## Work required:
Nothing but the lines below between the line holding "Riswan Bayu" and the line holding "blog_glacier_grinnell lake-19", inclusive, should appear in the answer, each set down exactly.

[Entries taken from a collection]
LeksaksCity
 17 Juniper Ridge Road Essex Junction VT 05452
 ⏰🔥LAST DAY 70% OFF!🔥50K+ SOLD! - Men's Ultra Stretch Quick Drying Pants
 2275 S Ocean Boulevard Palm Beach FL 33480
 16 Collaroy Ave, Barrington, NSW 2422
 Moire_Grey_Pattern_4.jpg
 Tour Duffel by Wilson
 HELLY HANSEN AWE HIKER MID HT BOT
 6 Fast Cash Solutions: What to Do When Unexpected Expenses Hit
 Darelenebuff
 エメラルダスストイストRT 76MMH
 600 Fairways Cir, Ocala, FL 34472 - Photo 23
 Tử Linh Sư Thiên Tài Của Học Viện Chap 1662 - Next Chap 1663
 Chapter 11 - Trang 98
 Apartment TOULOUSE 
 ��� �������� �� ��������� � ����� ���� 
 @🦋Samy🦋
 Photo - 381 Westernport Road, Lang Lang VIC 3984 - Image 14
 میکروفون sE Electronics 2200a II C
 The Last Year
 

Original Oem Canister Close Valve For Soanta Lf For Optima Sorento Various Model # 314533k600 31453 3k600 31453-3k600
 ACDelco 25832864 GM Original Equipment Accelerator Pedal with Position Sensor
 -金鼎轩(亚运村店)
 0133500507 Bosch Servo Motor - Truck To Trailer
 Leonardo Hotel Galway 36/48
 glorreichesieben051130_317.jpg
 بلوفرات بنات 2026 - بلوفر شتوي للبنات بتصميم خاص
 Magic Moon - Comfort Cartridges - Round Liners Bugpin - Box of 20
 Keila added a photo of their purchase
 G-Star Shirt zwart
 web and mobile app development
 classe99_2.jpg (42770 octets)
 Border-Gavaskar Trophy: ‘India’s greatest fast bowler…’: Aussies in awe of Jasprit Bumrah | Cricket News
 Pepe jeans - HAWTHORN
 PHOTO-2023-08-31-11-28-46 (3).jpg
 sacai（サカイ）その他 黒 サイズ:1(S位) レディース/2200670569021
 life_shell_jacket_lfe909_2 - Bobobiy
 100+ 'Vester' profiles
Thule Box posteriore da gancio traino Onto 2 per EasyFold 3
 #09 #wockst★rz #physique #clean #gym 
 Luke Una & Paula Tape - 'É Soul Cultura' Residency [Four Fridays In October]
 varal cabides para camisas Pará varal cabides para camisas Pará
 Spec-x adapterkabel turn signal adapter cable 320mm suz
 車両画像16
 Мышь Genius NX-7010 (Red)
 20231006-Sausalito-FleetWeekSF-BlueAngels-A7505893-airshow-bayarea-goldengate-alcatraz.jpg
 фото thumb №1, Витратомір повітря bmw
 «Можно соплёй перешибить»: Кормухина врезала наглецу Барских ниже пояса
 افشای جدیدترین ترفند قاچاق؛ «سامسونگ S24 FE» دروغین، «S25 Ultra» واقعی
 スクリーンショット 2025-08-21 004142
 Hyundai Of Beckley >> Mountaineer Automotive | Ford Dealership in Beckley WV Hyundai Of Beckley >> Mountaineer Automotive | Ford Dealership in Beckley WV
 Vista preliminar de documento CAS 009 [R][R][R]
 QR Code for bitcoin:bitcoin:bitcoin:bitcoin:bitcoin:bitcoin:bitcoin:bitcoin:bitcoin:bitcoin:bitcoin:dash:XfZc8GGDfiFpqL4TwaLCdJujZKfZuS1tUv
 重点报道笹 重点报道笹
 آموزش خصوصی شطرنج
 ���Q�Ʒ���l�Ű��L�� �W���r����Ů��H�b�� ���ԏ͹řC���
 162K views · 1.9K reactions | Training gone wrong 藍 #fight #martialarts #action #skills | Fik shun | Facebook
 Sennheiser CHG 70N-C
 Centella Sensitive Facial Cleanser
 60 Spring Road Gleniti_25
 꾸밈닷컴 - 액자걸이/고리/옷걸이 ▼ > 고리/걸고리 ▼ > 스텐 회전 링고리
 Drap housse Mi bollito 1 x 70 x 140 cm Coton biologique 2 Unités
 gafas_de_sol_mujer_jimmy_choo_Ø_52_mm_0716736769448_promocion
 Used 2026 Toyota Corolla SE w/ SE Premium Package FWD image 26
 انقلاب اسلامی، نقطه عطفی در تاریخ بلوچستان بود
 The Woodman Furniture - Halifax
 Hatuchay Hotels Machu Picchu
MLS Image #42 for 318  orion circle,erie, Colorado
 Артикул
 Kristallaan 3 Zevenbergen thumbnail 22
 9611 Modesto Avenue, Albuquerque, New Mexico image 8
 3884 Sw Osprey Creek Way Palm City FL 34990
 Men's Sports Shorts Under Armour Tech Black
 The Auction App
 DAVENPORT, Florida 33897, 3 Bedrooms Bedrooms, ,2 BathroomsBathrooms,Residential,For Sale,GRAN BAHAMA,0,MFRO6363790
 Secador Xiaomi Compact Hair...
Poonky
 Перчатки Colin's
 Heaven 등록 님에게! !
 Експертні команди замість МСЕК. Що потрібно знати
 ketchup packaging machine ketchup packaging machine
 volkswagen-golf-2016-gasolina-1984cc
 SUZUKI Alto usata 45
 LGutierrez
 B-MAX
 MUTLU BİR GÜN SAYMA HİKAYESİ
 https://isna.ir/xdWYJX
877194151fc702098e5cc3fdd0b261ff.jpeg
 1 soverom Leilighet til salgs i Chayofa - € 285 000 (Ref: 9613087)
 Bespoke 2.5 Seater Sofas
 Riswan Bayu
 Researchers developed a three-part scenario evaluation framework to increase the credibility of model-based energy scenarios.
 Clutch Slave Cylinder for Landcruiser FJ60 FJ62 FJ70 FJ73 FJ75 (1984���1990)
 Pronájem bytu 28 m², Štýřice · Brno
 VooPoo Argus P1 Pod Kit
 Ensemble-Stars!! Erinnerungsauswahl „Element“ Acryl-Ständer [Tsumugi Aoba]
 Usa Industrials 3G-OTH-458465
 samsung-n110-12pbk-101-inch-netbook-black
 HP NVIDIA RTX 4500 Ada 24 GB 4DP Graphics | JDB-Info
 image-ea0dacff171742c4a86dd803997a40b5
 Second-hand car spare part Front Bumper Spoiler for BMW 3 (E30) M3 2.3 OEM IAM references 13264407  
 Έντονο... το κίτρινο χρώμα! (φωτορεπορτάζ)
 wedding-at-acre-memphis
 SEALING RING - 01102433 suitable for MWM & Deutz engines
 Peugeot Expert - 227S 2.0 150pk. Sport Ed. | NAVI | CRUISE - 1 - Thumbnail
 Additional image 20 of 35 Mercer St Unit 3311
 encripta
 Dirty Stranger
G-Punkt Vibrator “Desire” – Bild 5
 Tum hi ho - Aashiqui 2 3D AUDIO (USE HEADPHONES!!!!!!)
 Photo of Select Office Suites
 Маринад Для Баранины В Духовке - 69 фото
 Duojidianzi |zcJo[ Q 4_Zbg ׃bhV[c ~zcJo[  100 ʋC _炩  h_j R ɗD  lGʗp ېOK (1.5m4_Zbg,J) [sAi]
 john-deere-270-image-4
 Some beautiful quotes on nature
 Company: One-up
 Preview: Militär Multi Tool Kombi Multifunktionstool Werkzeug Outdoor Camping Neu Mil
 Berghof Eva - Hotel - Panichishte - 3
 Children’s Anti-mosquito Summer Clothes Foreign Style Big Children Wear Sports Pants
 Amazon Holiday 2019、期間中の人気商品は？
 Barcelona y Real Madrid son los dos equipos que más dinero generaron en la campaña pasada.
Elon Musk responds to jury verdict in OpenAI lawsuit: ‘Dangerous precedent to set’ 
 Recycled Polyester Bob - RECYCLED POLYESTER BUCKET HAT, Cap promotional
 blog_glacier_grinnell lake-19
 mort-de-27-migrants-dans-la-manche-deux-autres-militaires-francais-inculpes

## Solution:
 Riswan Bayu
 Researchers developed a three-part scenario evaluation framework to increase the credibility of model-based energy scenarios.
 Clutch Slave Cylinder for Landcruiser FJ60 FJ62 FJ70 FJ73 FJ75 (1984���1990)
 Pronájem bytu 28 m², Štýřice · Brno
 VooPoo Argus P1 Pod Kit
 Ensemble-Stars!! Erinnerungsauswahl „Element“ Acryl-Ständer [Tsumugi Aoba]
 Usa Industrials 3G-OTH-458465
 samsung-n110-12pbk-101-inch-netbook-black
 HP NVIDIA RTX 4500 Ada 24 GB 4DP Graphics | JDB-Info
 image-ea0dacff171742c4a86dd803997a40b5
 Second-hand car spare part Front Bumper Spoiler for BMW 3 (E30) M3 2.3 OEM IAM references 13264407  
 Έντονο... το κίτρινο χρώμα! (φωτορεπορτάζ)
 wedding-at-acre-memphis
 SEALING RING - 01102433 suitable for MWM & Deutz engines
 Peugeot Expert - 227S 2.0 150pk. Sport Ed. | NAVI | CRUISE - 1 - Thumbnail
 Additional image 20 of 35 Mercer St Unit 3311
 encripta
 Dirty Stranger
G-Punkt Vibrator “Desire” – Bild 5
 Tum hi ho - Aashiqui 2 3D AUDIO (USE HEADPHONES!!!!!!)
 Photo of Select Office Suites
 Маринад Для Баранины В Духовке - 69 фото
 Duojidianzi |zcJo[ Q 4_Zbg ׃bhV[c ~zcJo[  100 ʋC _炩  h_j R ɗD  lGʗp ېOK (1.5m4_Zbg,J) [sAi]
 john-deere-270-image-4
 Some beautiful quotes on nature
 Company: One-up
 Preview: Militär Multi Tool Kombi Multifunktionstool Werkzeug Outdoor Camping Neu Mil
 Berghof Eva - Hotel - Panichishte - 3
 Children’s Anti-mosquito Summer Clothes Foreign Style Big Children Wear Sports Pants
 Amazon Holiday 2019、期間中の人気商品は？
 Barcelona y Real Madrid son los dos equipos que más dinero generaron en la campaña pasada.
Elon Musk responds to jury verdict in OpenAI lawsuit: ‘Dangerous precedent to set’ 
 Recycled Polyester Bob - RECYCLED POLYESTER BUCKET HAT, Cap promotional
 blog_glacier_grinnell lake-19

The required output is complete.